You'll see that that is a little bit shorter than what it used to be
:).  `Handlers' is a new package inside Mailman which contains all the
modules for the pipeline.  HandlerAPI.process() basically runs down
the list of pipeline modules, calling each in turn.  The specs for the
<handler>.process() functions say that their return value is ignored,
and they raise an exception if processing of the message is supposed
to stop propagating.

Here's the current list of pipeline modules for normal message
delivery:

    pipeline = ['SpamDetect',
                'Approve',
                'Hold',
                'Cleanse',
                'CookHeaders',
                'ToDigest',
                'ToArchive',
                'ToUsenet',
                'CalcRecips',
                'Decorate',
                'Sendmail',
                'Acknowledge',
                'AfterDelivery',
                ]

The idea here is that each pipeline module does one small thing and
one thing only.  For example, Approve.process() tries to figure out if
the message has been pre-approved.  It will also look for an Approved:
header with a valid password.  All communication between handlers
happens via attributes on the message object, so in the case of the
Approve handler, if it finds a valid "Approve: password" header, it
sets "msg.approved = 1".  Other modules (notably SpamDetect and Hold)
will look for this attribute and short circuit if it finds a true
value.

In a similar vein, ToArchive and ToDigest will look for the `isdigest'
attribute.  If found and true, then the message is a digest so it
won't be sent to the archive, nor will it be appended to the currently
building digest.

Now the neat thing is the Sendmail module.  It's not clever at all, in
fact it just popen's a sendmail (or sendmail-compatible, e.g. postfix)
process, gives the recip addrs on the command line, and pipes the
message to the proc's stdin.  The one complication is that it splits
up the recipients if necessary to keep the command line length
manageable.  What I think is neat is that you could implement an
SMTPDeliver module which uses smtplib.py, or even convert to using
Mailman's current bulk mailer (which I haven't done), or a delivery
scheme of your own choosing.  It should be quite easy to drop in just
drop in this component while keeping everything else the same.  The
Sendmail module rqeuires that the msg object has an attribute called
`recips' which is a list of addresses to send the message to.  The
CalcRecips module sets this attribute.

A couple of things to notice.  First, proper delivery of the message
requires the correct order in the pipeline.  Put Acknowledge before
Sendmail and those who want acks of their messages would get them
before the message was actually sent.  Also, while this seems to work
well for my simple tests, I think I need to play with more aspects
under more realistic load to figure out whether this approach will
work in the long run.  Finally, there's the question of incoming
messages (say injected from Usenet, or via the -request address).  I
think a pipeline will work well here too, e.g. I envision a pipeline
of bounce detectors, but I'm not sure yet how this will integrate with
the outgoing pipeline.

A couple of other random but important notes.  I've also significantly
revamped the whole admin request stuff.  Held messages and
subscriptions are no longer kept in the list object.  This should make
your config.db files considerably smaller and faster to load, and will
hopefully improve overall performance.  All that information is now
kept in a separate database file, which is currently implemented using
Python's anydbm module (this might change).  The good thing is that
this file is only touched when a message or subscription is held, or
when you hit the admindb web page.

I've decided to finally make Python 1.5.2 the minimum supported
platform.  It's been out since April, is very stable, is available for
all platforms (and I think there are RPMs available), and is much much
MUCH better than any previous version of Python.  I'm tired of trying
to keep track of backwards compatibility issues.  So the next version
of Mailman will require at least Python 1.5.2.  I should note that
there will /not/ be a Python 1.5.3 -- Guido's decided that the next
release will be 1.6, but that will definitely not be out (other than
via the anonCVS tree) until next year some time.
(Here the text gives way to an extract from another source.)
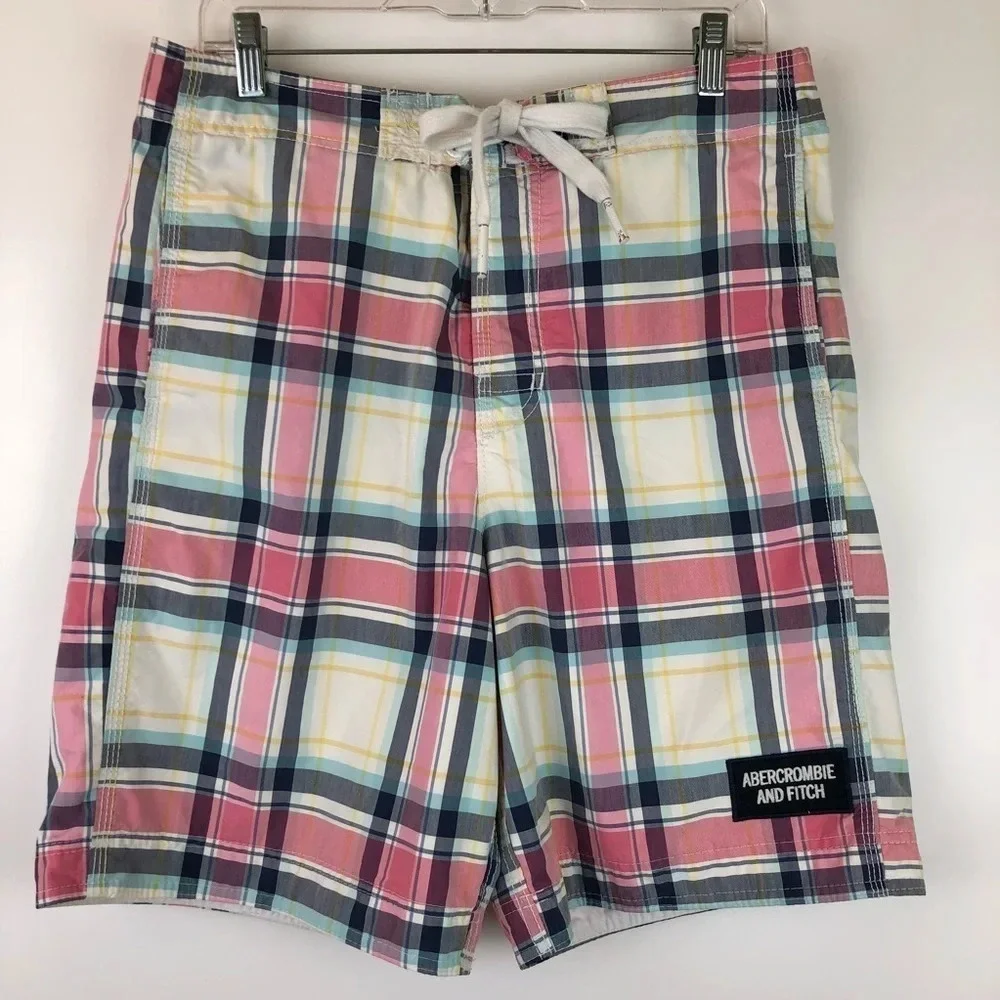Abercrombie & Fitch Plaid‎ Mesh Lined Board Shorts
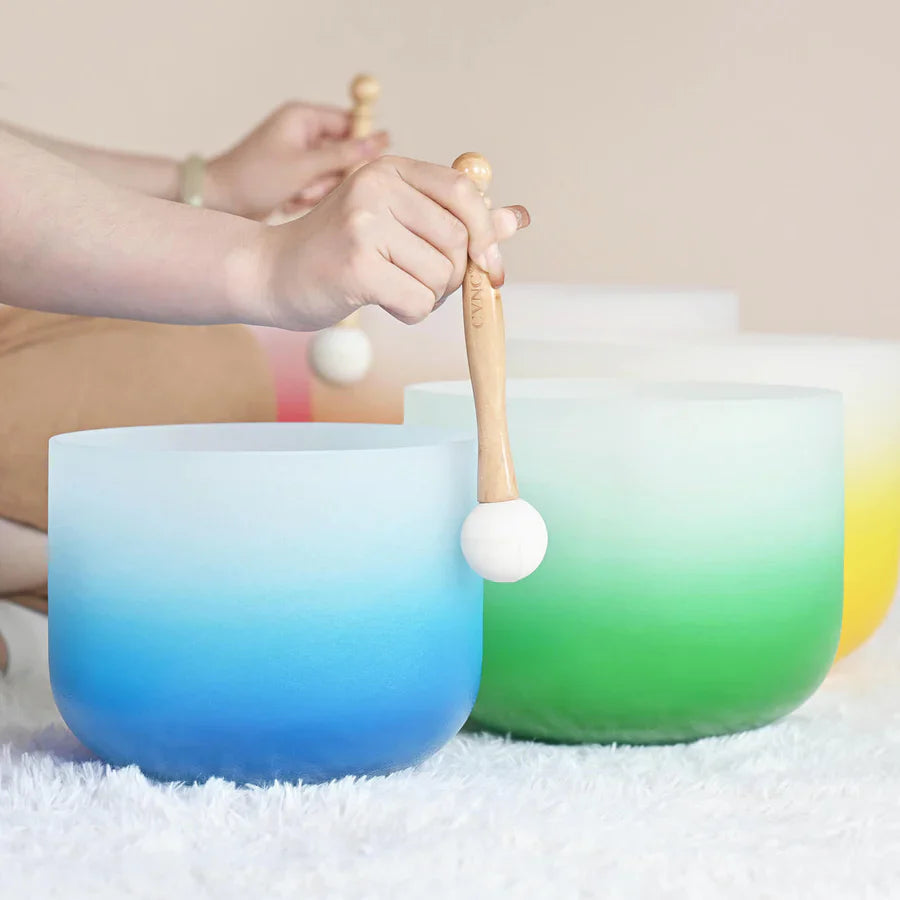 Frosted Aria Gradient Chakra Crystal Singing Bowl Set in blue and green ombré colors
So... I'm going to check all these changes in so that I can continue
testing.  I'll hopefully also be ripping out lots more unused code.
I'm not sure how much more time I'm going to be hacking on it, but I
need to get this stuff working for python.org so at least until then.

Apologies in advance to the I18N'ers for not getting to that stuff,
and for making so many changes under the hood.  If this stuff turns
out to work well, I'll try to spend some time getting those mods
integrated.

Thanks,
-Barry